A photo from earlier in the eruption, from an overflight the morning of November 30, 2022. USGS image by K. Mulliken.
I don’t hear a lot of folks talking about it, but the way
the Mauna Loa eruption is going, the cross-island Daniel K. Inouye Highway within
days will be impassable going east and west.
That has huge implications for passenger and supply
transport between the Hilo side of Hawai’i Island to the east, and the Waimea
and Kona side to the west. But it also has import for high-elevation science.

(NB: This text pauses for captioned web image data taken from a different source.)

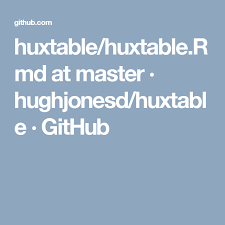 Pin On Rmarkdown And Latex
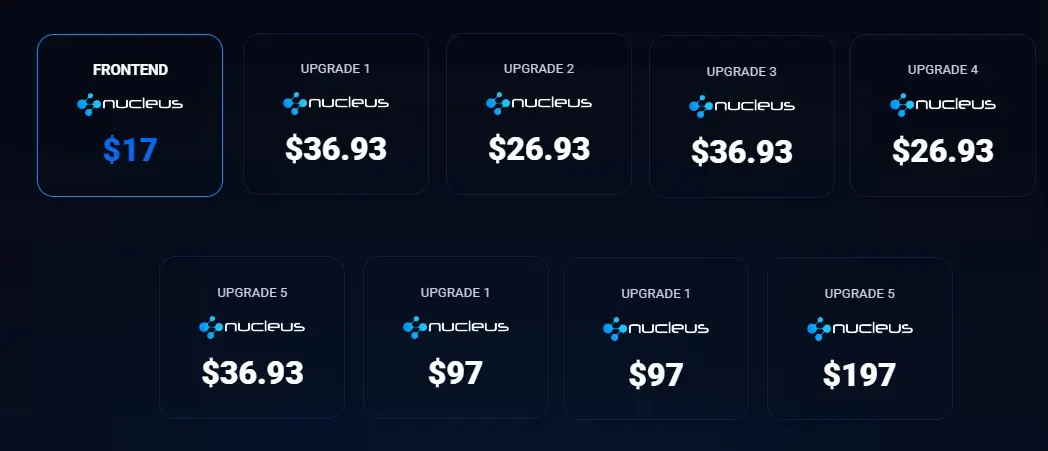 Nucleus Review Pricing & OTOS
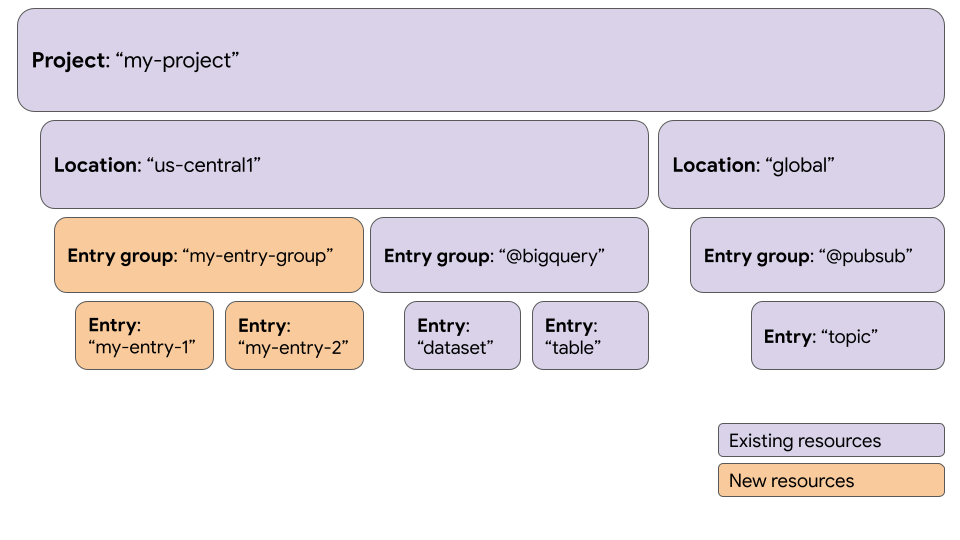 Dentro de cada proyecto, hay ubicaciones y, dentro de cada ubicación, hay grupos de entradas que contienen entradas para diferentes fuentes de datos y recursos.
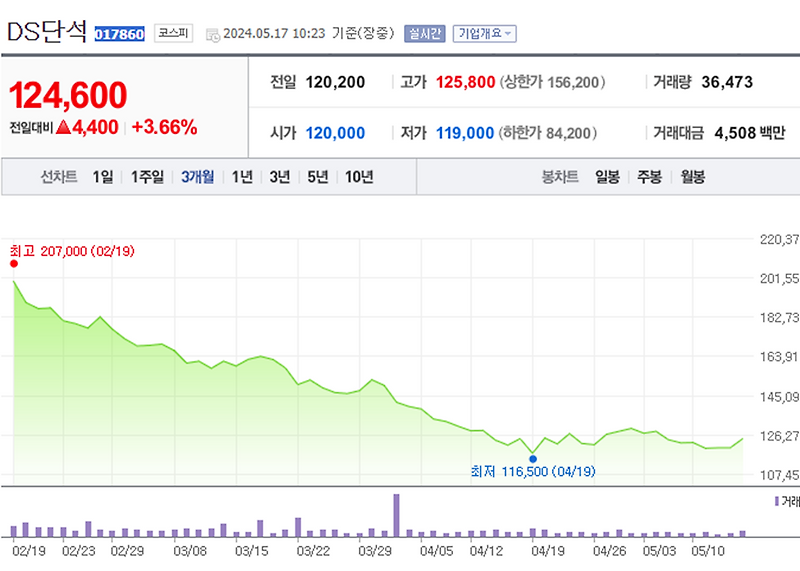 폐배터리 리튬 관련 테마 급등주 추천 DS단석 아이에스동서 주가 전망과 목표 주가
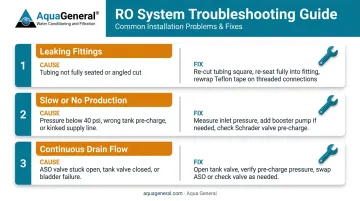 Three common RO installation problems causes and fixes troubleshooting flowchart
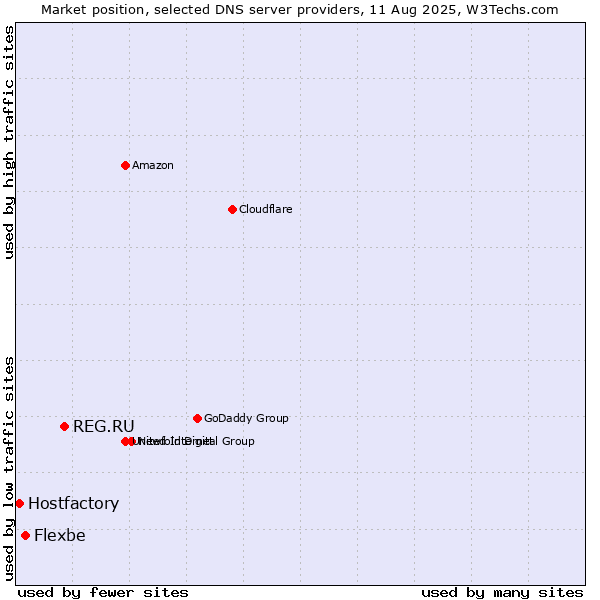 Market position of REG.RU vs. Flexbe vs. Hostfactory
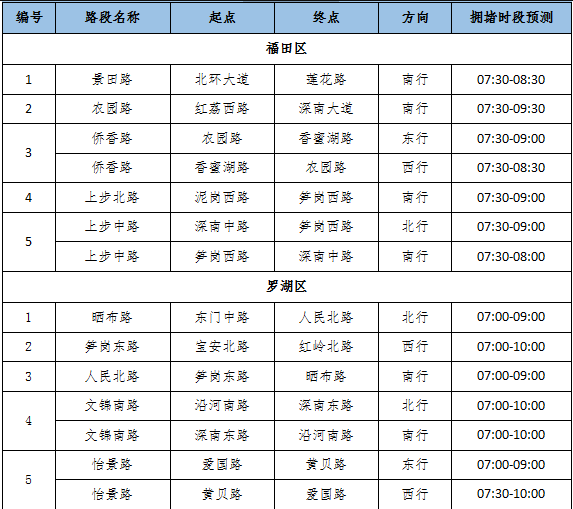 家長(zhǎng)必看 深圳市秋季學(xué)期開(kāi)學(xué)接送交通指引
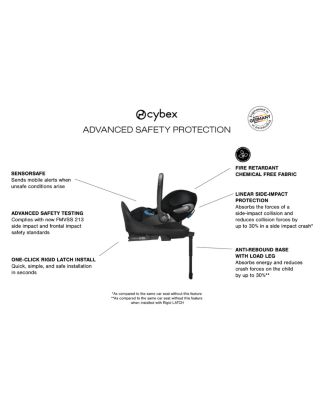 Cloud T Comfort Extend Infant Car Seat with SensorSafe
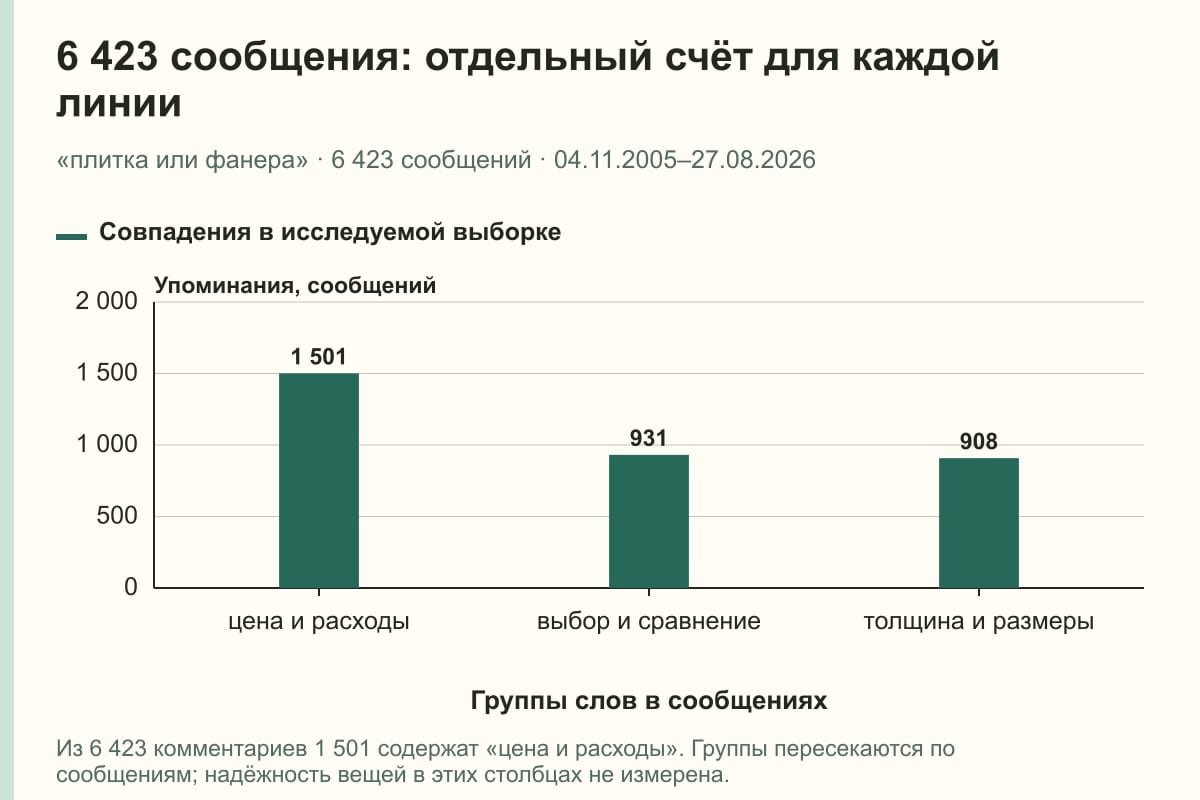 6 423 сообщения: отдельный счёт для каждой линии. «плитка или фанера» · 6 423 сообщений · 04.11.2005–27.08.2026. сообщений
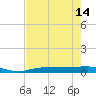 Whitewater Bay tide chart for Tuesday, May 14, 2024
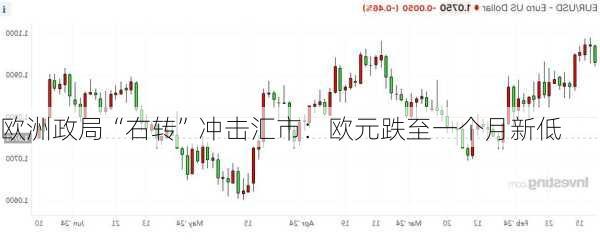 欧洲政局“右转”冲击汇市：欧元跌至一个月新低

The main lava flow has already cut off access to the critical scientific center, Mauna Loa Observatory, and on its current course, it also has the potential to shut down access to the massive astronomy facilities at Mauna Kea.
Judging from the topography, the east-west access will be gone
before Mauna Kea access is threatened.
Mauna Loa may do what the Mauna Kea protests could not.
Mauna Loa’s eruption is currently focused on the northeast
flank. A feature called Fissure 3 is feeding a long lava flow headed northward into
the saddle between Mauna Kea and Mauna Loa.
It is in familiar territory for Madame Pele, with a 1935
flow on its right flank and an 1843 flow on its left. Both of those flows
crossed the current route of the Daniel K. Inouye Highway.
The 1935 flow pooled in the saddle for a few days, then
turned east and headed downslope for Hilo. The Air Force in late December 1935
bombed that flow to try to protect Hilo. Ultimately, that eruption stopped
before Hilo could be impacted. Here is a National Park Service story on that.
It lasted from November 21, 1935 to January 2, 1936. Eight weeks.
The 1843 flow lasted three months.
This eruption started November 27, 2022, and shows no signs
of stopping. The lava is now on pretty flat ground, less than two miles from
the highway, and creeping forward at give-or-take 1,000 feet per day. But that
could change.
The Hawaiian Volcano Observatory reports: “Lava flow advance
rates may be highly variable over the coming days and week. Lava flows advance
more slowly, spread out, and inflate on the flat ground between Mauna Loa and
Mauna Kea. Individual lobes may advance quickly, and then stall. Additional
breakouts may occur if lava channels get blocked upslope. There are many
variables at play, and the direction and timing of flow advances are expected
to change over hours to days, making it difficult to estimate when or if the
flow will impact Daniel K. Inouye Highway.”
Realistically, things that can save the highway from
being overflowed are an early stop of the eruption, or the activation of an
entirely new fissure that allows the current flow to cool and harden in place.